Miss Jugoslavia & The Barefoot Orchestra
November 2013
Cold war served warm: a chaotic and personal performance told beyond words.
“We didn’t hear about why they left, we didn’t hear their stories. This was like an uncovering,” Tania Bosak, musician and performer, tells me. Miss Jugoslavia & The Barefoot Orchestra was performed to rave reviews at Mona Foma earlier this year; however, the conception of this production was in 1991 when civil war broke out in Yugoslavia and Bosak’s nationality literally changed overnight.
After Bosak began asking her musician father questions about his life, he revealed the story of his defection from the former Yugoslavia to Belgium. She began retelling the story in her concerts and it started to take on a life of its own.

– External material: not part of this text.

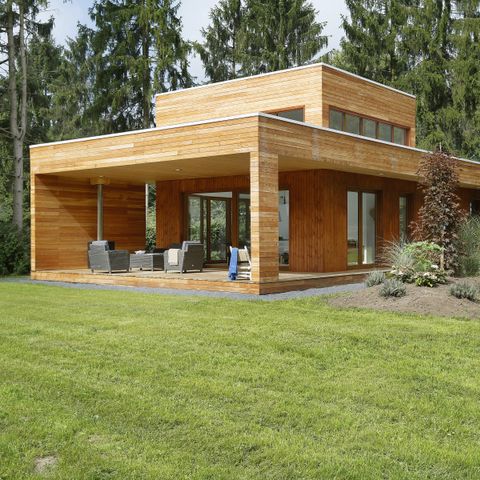 BUNGALOW 4 personnes - Woody Lodge Valerie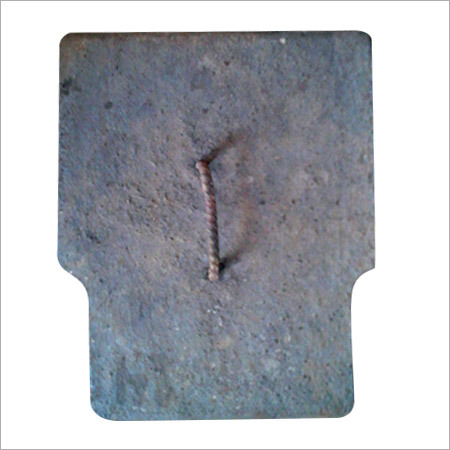 Crusher Toggle Plate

“It’s fed me as an actor, as a composer, as a musician. It’s ignited in me a passion for finding a really new way of working with my skills. Which is unlike anything I have ever done or seen. It was like a work that had to happen, artistically and creatively.”
Focusing on themes of espionage, displacement and loss of homeland, Miss Jugoslavia & The Barefoot Orchestra tells Bosak’s father’s story in a highly original way. Using Croatian language, music and performance, Bosak brings a new style of production to Melbourne called Composed Theatre.
“There is a lot of decoding,” states Bosak, “so people are invited into piecing things together as opposed to holding people by the hand and telling them exactly what’s going on.”
However, she doesn’t think that an audience will have any trouble understanding the layers of the work. “Music is so powerful. Sound is so powerful. It kicks into our emotional brain a lot faster than language. I love that idea of being able to be aurally taken over and really entering a journey inside your own head.”
Miss Jugoslavia & The Barefoot Orchestra: Cold War Served Warm will have a two week season from October 29 to November 10 at fortyfivedownstairs, 45 Flinders Lane, Melbourne.